Yesterday was absolutely exhausting. I drove three legs of three and a half hours each from Ludlow to Henstridge to Old Warden and back home, loading the trailer with Theo’s help at Henstridge (2 hours) and unloading the fuselage at Old Warden (another hour). But the fuselage is in the right place so that the engine can be refitted as soon as it’s reassembled.
As you can see, 1264 is sat between some VERY illustrious neighbours!
Phil also gave us the old cylinder liners, and for those who are into engineering porn, here are some details.
Here they all are. My wife has suggested we should run a competition for the most creative use for them. My initial thought was door chimes, but as they don’t make any significant sound at all, I’m sure someone can come up with something better!
This is an original cast iron liner. It’s only 1.5mm (1/16in) thick, as is the steel cylinder wall, so removing it has to be done very, very gently. The Shuttleworth technique is to tap it to fracture it, and as you see it comes out quite neatly.
There were three that looked quite different; these are made of nodular cast iron which is far more ductile, and were a pain to remove. Some brave soul had to cut almost all the way through the liner with a Dremel or something similar, and then a drift had to be very, very carefully driven between liner and cylinder to peel it away. Thank goodness the cut didn’t go all the way through!
It’s interesting that it’s the ductile iron liner bores that have been damaged the most – here’s one.
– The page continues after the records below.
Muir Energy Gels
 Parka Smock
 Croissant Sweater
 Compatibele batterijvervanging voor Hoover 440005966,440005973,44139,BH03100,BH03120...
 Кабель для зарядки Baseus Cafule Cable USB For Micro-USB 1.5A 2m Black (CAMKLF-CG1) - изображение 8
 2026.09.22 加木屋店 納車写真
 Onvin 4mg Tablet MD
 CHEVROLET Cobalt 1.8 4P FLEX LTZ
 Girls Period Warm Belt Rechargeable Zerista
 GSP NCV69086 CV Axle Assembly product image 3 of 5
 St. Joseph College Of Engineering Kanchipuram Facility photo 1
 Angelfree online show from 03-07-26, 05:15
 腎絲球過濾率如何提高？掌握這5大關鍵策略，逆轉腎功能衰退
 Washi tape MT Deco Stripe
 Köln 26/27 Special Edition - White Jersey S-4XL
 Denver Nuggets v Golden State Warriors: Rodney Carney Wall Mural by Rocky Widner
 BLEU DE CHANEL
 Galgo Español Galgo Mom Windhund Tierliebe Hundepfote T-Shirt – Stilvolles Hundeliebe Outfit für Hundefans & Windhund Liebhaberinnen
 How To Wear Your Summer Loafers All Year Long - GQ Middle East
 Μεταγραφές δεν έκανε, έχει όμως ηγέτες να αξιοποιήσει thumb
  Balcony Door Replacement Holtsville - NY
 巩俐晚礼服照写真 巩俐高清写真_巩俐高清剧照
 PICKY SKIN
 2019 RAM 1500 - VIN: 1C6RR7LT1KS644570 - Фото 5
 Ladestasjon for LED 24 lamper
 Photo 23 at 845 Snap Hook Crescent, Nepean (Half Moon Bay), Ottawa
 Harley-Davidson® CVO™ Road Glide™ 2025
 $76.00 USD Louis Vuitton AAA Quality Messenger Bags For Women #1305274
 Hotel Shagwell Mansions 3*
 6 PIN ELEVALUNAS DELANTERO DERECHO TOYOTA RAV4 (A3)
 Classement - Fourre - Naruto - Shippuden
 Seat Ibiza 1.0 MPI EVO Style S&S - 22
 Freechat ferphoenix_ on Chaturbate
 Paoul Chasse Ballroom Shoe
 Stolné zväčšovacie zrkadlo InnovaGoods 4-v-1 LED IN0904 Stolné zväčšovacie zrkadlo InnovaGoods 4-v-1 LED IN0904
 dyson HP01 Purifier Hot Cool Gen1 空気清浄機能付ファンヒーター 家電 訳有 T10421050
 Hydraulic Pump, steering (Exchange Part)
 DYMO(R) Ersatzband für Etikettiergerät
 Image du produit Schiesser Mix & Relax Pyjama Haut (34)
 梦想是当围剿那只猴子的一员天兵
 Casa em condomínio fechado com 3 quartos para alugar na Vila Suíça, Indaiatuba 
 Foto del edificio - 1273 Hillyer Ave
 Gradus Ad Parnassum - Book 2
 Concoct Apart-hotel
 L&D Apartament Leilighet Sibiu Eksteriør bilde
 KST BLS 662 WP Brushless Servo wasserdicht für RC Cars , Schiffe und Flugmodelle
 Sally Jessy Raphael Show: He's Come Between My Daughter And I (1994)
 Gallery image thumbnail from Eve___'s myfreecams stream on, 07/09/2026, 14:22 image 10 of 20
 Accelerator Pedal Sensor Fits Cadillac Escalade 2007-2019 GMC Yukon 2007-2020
Here’s the worst of the cast liners by comparison. Bear in mind that was run for half an hour at full power with just the residual oil on the cylinder walls – the oil supply was switched off. Even more remarkable then, that most of them were completely undamaged, but since they were on the outer limit for bore, we decided to replace the lot.
So a very productive day, generally.
The one cloud on the horizon, (apart from the bill, of course…) is that because about half a dozen Collection machines have thrown little technical issues, our engine rebuild may not be completed quite as quickly as we’d hoped.
But it should cause any major hiccups as far as we can see.